Task brief →
Please restate every line below exactly, without any pictures.

### Dataset section ###

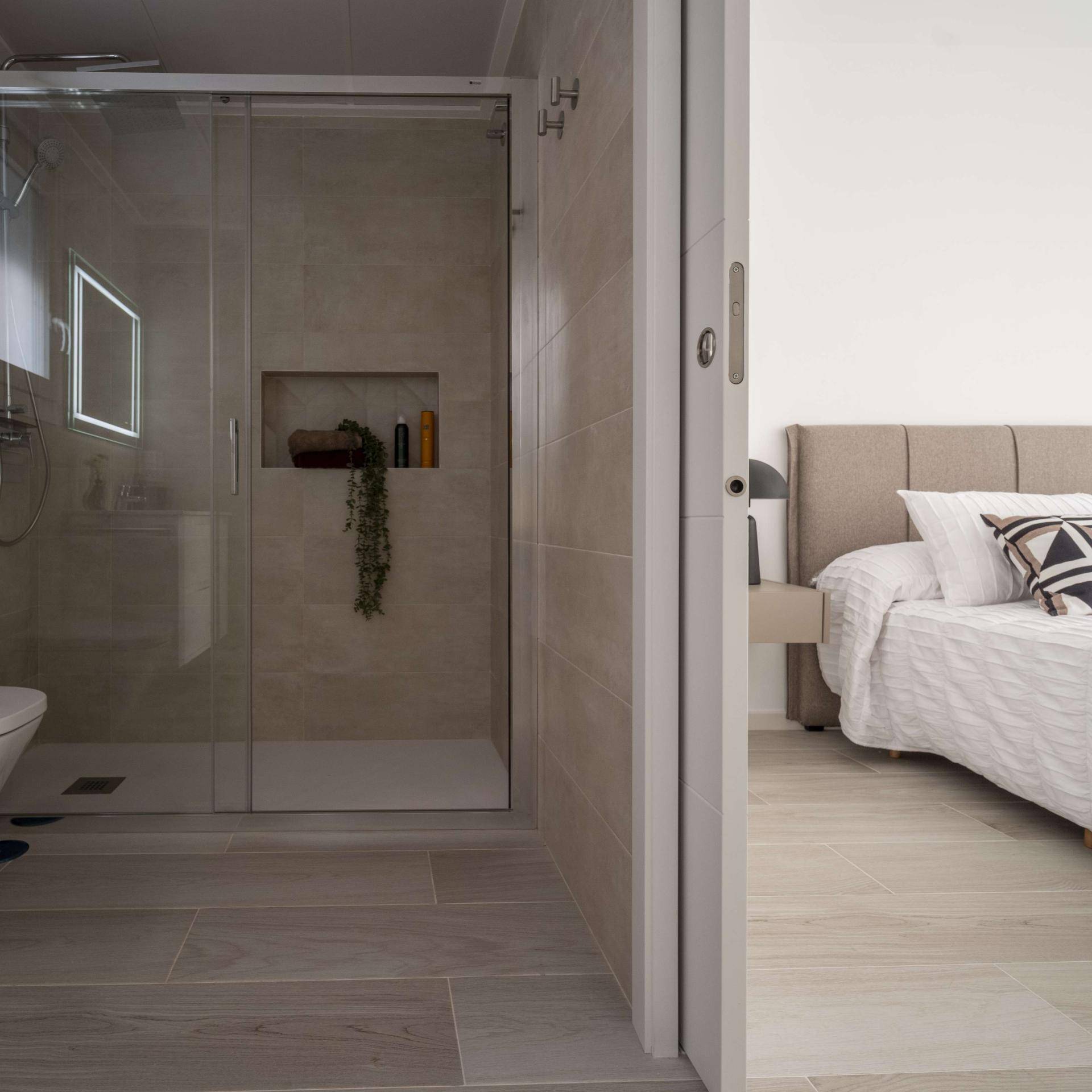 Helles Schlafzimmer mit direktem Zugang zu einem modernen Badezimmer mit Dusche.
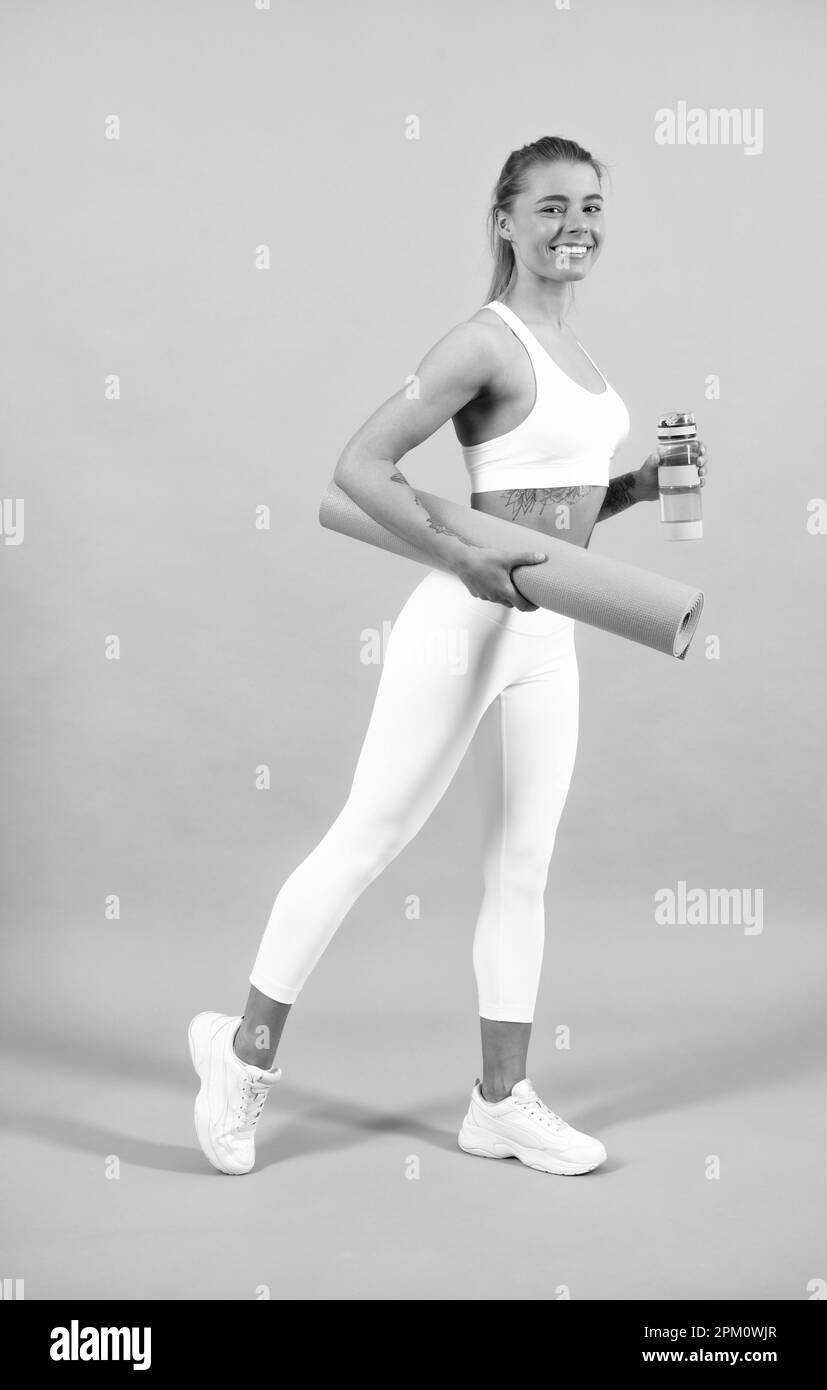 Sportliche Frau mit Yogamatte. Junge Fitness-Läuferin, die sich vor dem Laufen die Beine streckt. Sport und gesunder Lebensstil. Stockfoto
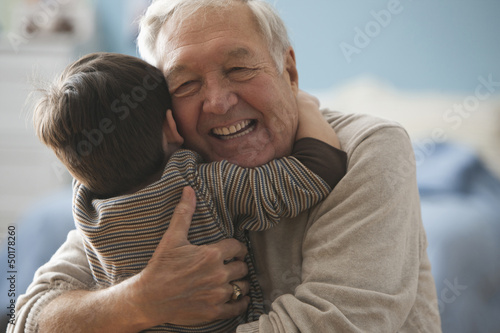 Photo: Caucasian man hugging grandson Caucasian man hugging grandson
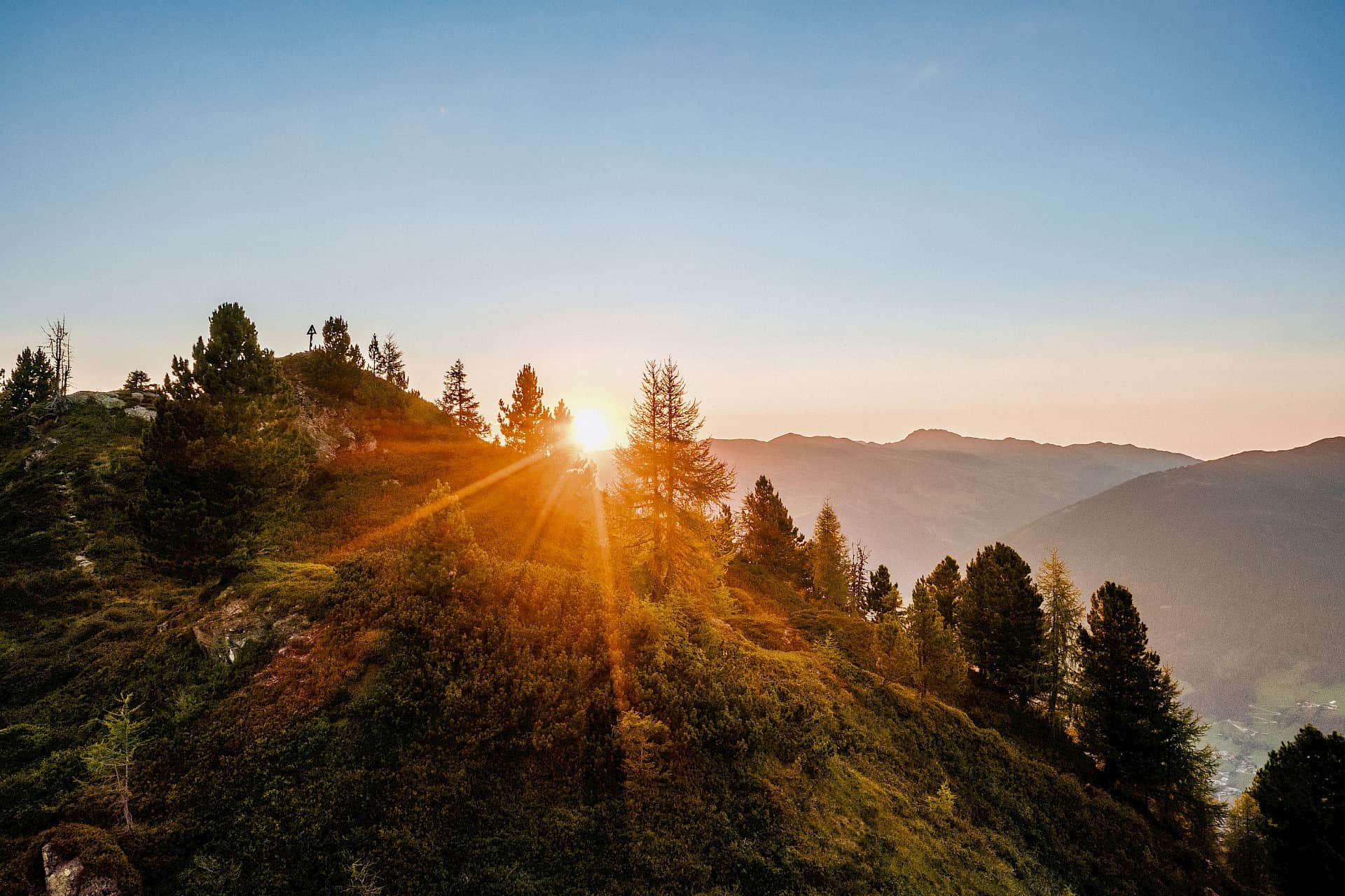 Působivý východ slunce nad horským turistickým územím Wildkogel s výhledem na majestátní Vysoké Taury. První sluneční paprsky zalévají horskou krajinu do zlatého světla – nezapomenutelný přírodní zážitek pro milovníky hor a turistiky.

###

Result →
 Helles Schlafzimmer mit direktem Zugang zu einem modernen Badezimmer mit Dusche.
 Sportliche Frau mit Yogamatte. Junge Fitness-Läuferin, die sich vor dem Laufen die Beine streckt. Sport und gesunder Lebensstil. Stockfoto
 Photo: Caucasian man hugging grandson Caucasian man hugging grandson
 Působivý východ slunce nad horským turistickým územím Wildkogel s výhledem na majestátní Vysoké Taury. První sluneční paprsky zalévají horskou krajinu do zlatého světla – nezapomenutelný přírodní zážitek pro milovníky hor a turistiky.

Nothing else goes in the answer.